А брали ее с полковником в плен рейтары из шотландских учтивых эмигрантов, что сами были раньше взяты в плен московитами, а потом и на службу. И с того сама пани Ядвига по ночам уговаривала пана полковника — просился бы он на московскую службу. Его приняли, поп окрестил их. Алексей так и остался Алексеем, Ядвигу же нарек Авдотьей, и поехали бывшие пан и пани на воеводство в Мезень — собирать ясаки, давать суд и расправу и кормиться самим…

У-у-у… — завыло над крышей, завизжало, и в голос закричала воеводша Авдотья, завыла, затряслась, сидя на своей лавке у печи.

Где она, о боже? В какой стране? Разве можно же тут жить? Нельзя! Нет! Тут можно только спать под вой метели. Спать и видеть во сне веселую Варшаву, полный народа костел св. Креста в краковском предместье, уносящиеся ввысь стрельчатые своды, медовый сумрак от витражей на узких окнах, то могучий гром органа, то нежные, ангельские голоса его серебряных труб… И молодой, красивый как ангел, бритый священник в белых кружевах высоко возносит золоченую чашу над цветами престола, среди сияющих звезд целого леса стройных свеч…

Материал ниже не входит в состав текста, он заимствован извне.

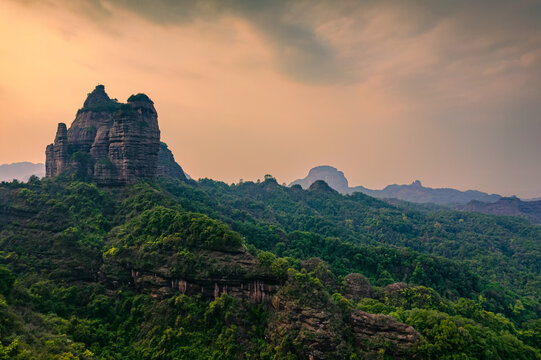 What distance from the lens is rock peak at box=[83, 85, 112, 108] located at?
76.6 m

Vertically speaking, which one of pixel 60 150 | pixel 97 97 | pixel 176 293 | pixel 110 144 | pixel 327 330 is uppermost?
pixel 97 97

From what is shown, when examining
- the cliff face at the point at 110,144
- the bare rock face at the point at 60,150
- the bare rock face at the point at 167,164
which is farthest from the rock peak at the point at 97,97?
the bare rock face at the point at 167,164

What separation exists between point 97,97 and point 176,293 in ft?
220

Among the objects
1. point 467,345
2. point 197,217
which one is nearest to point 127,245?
point 197,217

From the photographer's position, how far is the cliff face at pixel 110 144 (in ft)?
203

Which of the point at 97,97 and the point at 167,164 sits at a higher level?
the point at 97,97

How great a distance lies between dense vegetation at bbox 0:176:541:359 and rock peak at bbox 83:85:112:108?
87.4 ft

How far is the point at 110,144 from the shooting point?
64.1 meters

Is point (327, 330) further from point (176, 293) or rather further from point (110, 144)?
point (110, 144)

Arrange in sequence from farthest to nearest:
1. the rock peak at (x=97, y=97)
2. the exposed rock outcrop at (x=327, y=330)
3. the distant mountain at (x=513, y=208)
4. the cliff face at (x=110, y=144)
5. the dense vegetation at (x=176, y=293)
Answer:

У-у-у! — выла метель, трясла избу. Уа-а-а!..

Упала на пол, на звериные шкуры, пани Авдотья, бьется, кричит, как шаман:

— Боже, я гибну! Я не увижу больше синего неба! На что мне красота моя, мои скрыни с соболями и золото мое, дорогие мои платья… Все погибнет в этой пустыне. Не можу, не можу…

Девки бегают вокруг госпожи, хотят поднять, да не могут схватить, удержать сильное нежное тело, оттащить от грызущего рта окровавленные руки.

Пузом отворачивая стол, лезет к жене толстый воевода, хватает ее за руки, утирает рукавом кровь, текущую по искаженному отчаяньем лицу…

— Сердце мое, цветик мой, успокойся!..

— Ха-ха-ха! — хохочет воеводша, и слышно — не она это хохочет, хохочет кто-то чужой, что владеет этим телом…

У-у-у! — взвыл ветер, смолк, и во сразу наступившей тишине слышно — стучат в окно: тук-тук-тук!..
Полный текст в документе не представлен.